# Ceramic Heat Lamp??



## selkiejc (Jul 7, 2017)

So I'm about to get a hedgehog and I've been reading reviews about ceramic heat lamps and heat lamps and I have no idea what to buy. The ceramic heat lamp I bought ( BYB - 150W 110V Ceramic Infrared Heat Emitter Brooder Coop Pet Infrared Lamp Bulb, Black ) needs a lamp that can hold 150W or more, and all the lamps that I've looked at melt. What should I buy?? Could someone send what they bought??


----------



## ArizonaHazelnut (Nov 16, 2016)

In my experience, a brooder lamp won't work. You need a lamp with a ceramic socket that is rated for CHE use.

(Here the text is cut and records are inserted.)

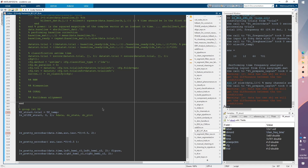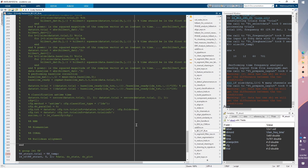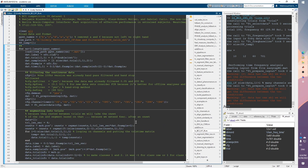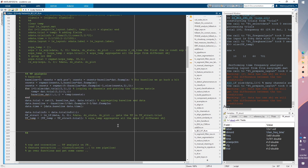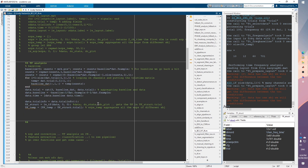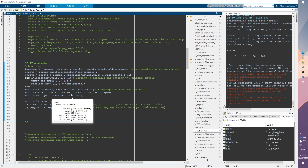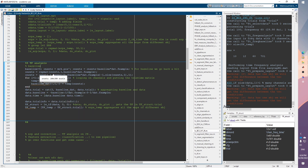Welcome to this episode where we'll talk about inter-trial phase consistency or coherence, and see how we can apply this on our data — or any other datasets — in the same manner that we use time-frequency analysis. To apply inter-trial phase consistency, I'm building on the last video, so please check the time-frequency analysis video first.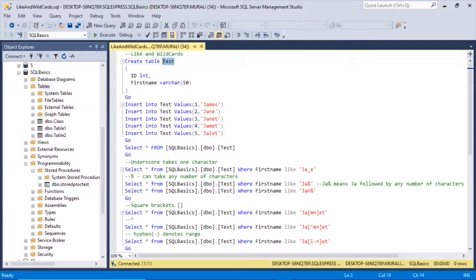In this video, we look into type and wildcard characters.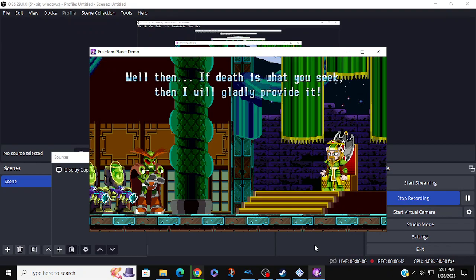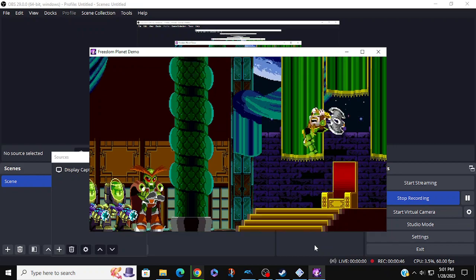Well, if death is what you seek, then I will gladly provide it!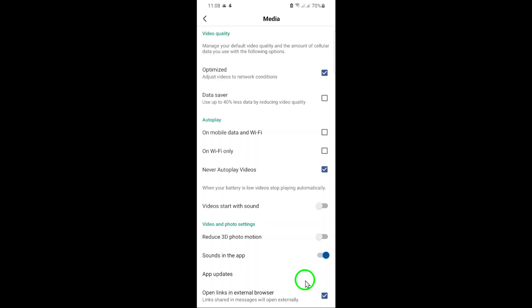Thank you for following along. If you found this guide helpful, be sure to share it with others who might benefit from customizing their Facebook browsing experience.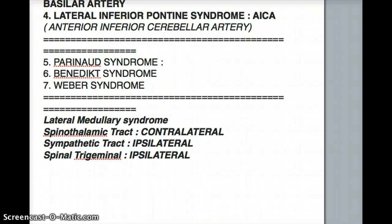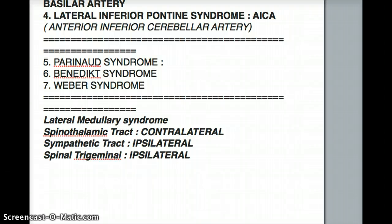The third key structure to commit to memory is the spinal trigeminal tract and nucleus. If the spinal trigeminal tract is affected, the patient will have ipsilateral loss of pain and temperature sensation from the face. So this patient presents with: ipsilateral loss of pain and temperature of the face, contralateral loss of pain and temperature of the body, intact proprioception and vibration throughout the entire body, and ipsilateral Horner's syndrome — ptosis, anhidrosis, vasodilation. That's what you're looking at in lateral medullary syndrome.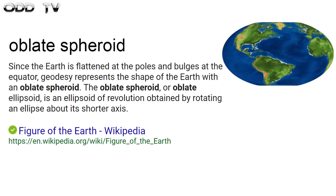The Earth is officially classified as an oblate spheroid, meaning that it's bulging at the equator and it's flattened out at the poles.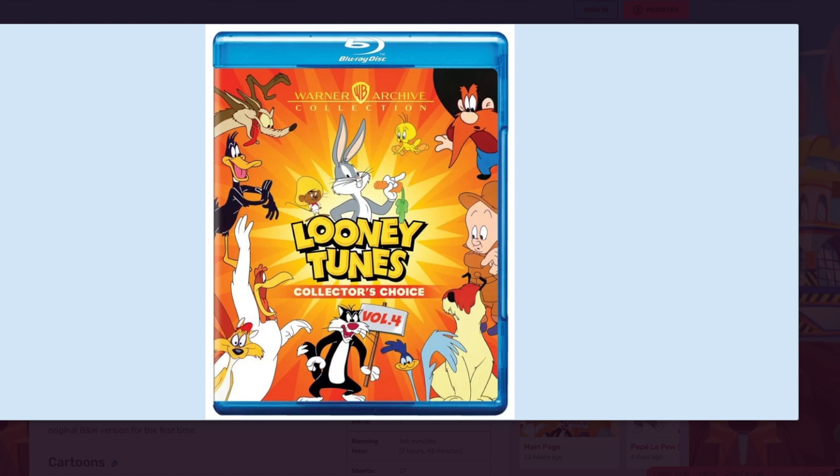Ladies and gentlemen, sorry for the crappy mic, but you just have to deal with it. It's time for the annual Looney Tunes Collector's Choice announcement, where I talk with you guys about the different cartoons on the next volume.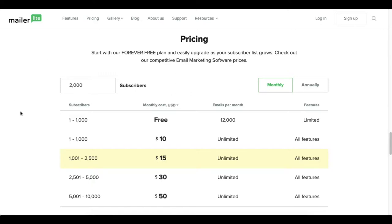So we're going to go over what you'll get as a free member of MailerLite. As you can see here you get up to a thousand subscribers, you get free send up to twelve thousand emails per month.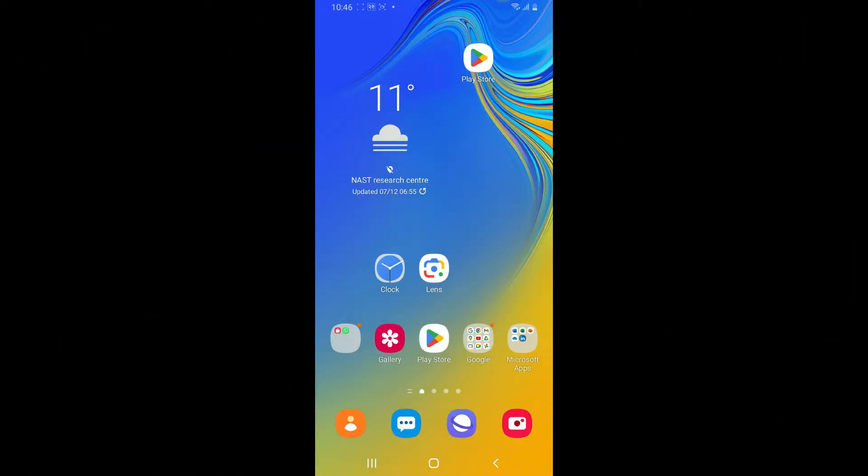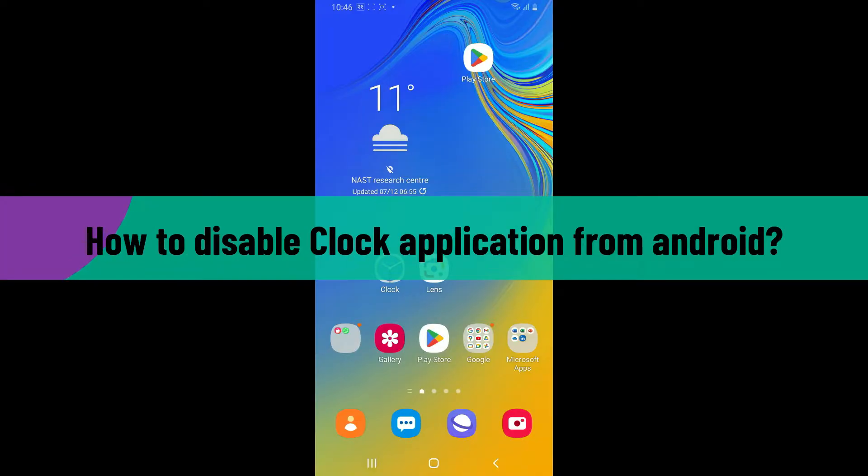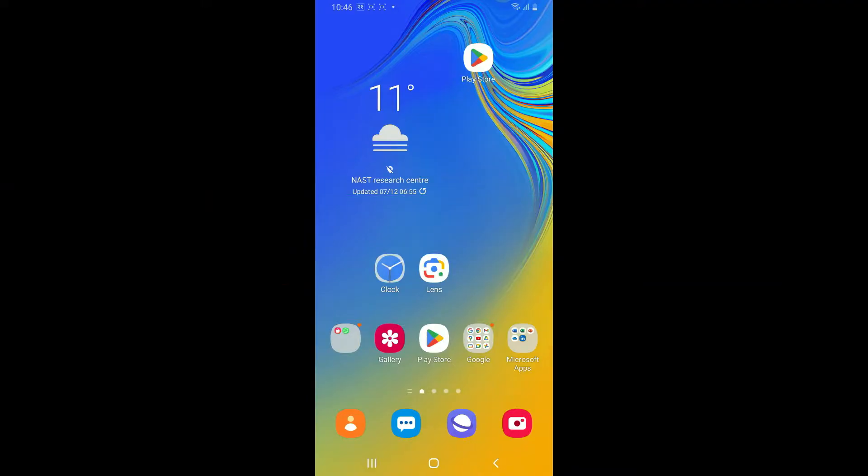Hi everyone, welcome back to another video from Webtech Tutorial. In today's episode, I'm going to show you how to disable the Clock application from your Android device. Let's dive right into the video.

Lamp, though an 10" is better for more heat distribution:
https://www.amazon.com/Zoo-Med-Delu...544&sr=8-1-fkmr1&keywords=CHE+rated+heat+lamp

Thermostat to control temp:
https://www.amazon.com/Zilla-Reptil...=UTF8&qid=1499441589&sr=8-8&keywords=CHE+bulb

A ceramic heat emitter bulb (that does not emit light), similar to this:
https://www.amazon.com/Flukers-Cera...sr=8-5&keywords=100+watt+ceramic+heat+emitter


----------



## selkiejc (Jul 7, 2017)

Do you think this lamp would work??

https://www.amazon.com/Reptile-Motina-Ceramic-Infrared-Emitter/dp/B01NAS87ID


----------



## ArizonaHazelnut (Nov 16, 2016)

I'm not sure about the "infrared" part, (mine have been plain, Zilla brand "ceramic heat emitters") but as long as it does not emit light of any kind (even a glowing red hue when turned on), I would think it would work. You just don't want a light of any kind at night for your hedgehog, as it can disrupt their nocturnal habits.

Anyone else's thoughts?


----------



## SquirtleSquirt (May 9, 2016)

I took a look at that link and it doesn't mention anything about light being admitted, but I'm not really sure whether it does or it doesn't. You should post it as a question so that people who do own it can respond and give an accurate answer. Just to make sure!


----------